↓↓↓
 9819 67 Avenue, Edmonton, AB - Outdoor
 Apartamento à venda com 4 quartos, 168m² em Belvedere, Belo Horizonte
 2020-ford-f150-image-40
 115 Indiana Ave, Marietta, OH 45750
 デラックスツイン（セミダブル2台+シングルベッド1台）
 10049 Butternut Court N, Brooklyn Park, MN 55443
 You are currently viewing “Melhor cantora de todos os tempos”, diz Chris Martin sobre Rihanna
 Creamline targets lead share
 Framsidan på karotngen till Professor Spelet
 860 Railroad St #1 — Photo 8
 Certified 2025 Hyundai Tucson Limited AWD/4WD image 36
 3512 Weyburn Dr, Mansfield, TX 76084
↑↑↑
▶ Description of the task: Every record here must be output exactly, word for word.

▶ Written response:
 9819 67 Avenue, Edmonton, AB - Outdoor
 Apartamento à venda com 4 quartos, 168m² em Belvedere, Belo Horizonte
 2020-ford-f150-image-40
 115 Indiana Ave, Marietta, OH 45750
 デラックスツイン（セミダブル2台+シングルベッド1台）
 10049 Butternut Court N, Brooklyn Park, MN 55443
 You are currently viewing “Melhor cantora de todos os tempos”, diz Chris Martin sobre Rihanna
 Creamline targets lead share
 Framsidan på karotngen till Professor Spelet
 860 Railroad St #1 — Photo 8
 Certified 2025 Hyundai Tucson Limited AWD/4WD image 36
 3512 Weyburn Dr, Mansfield, TX 76084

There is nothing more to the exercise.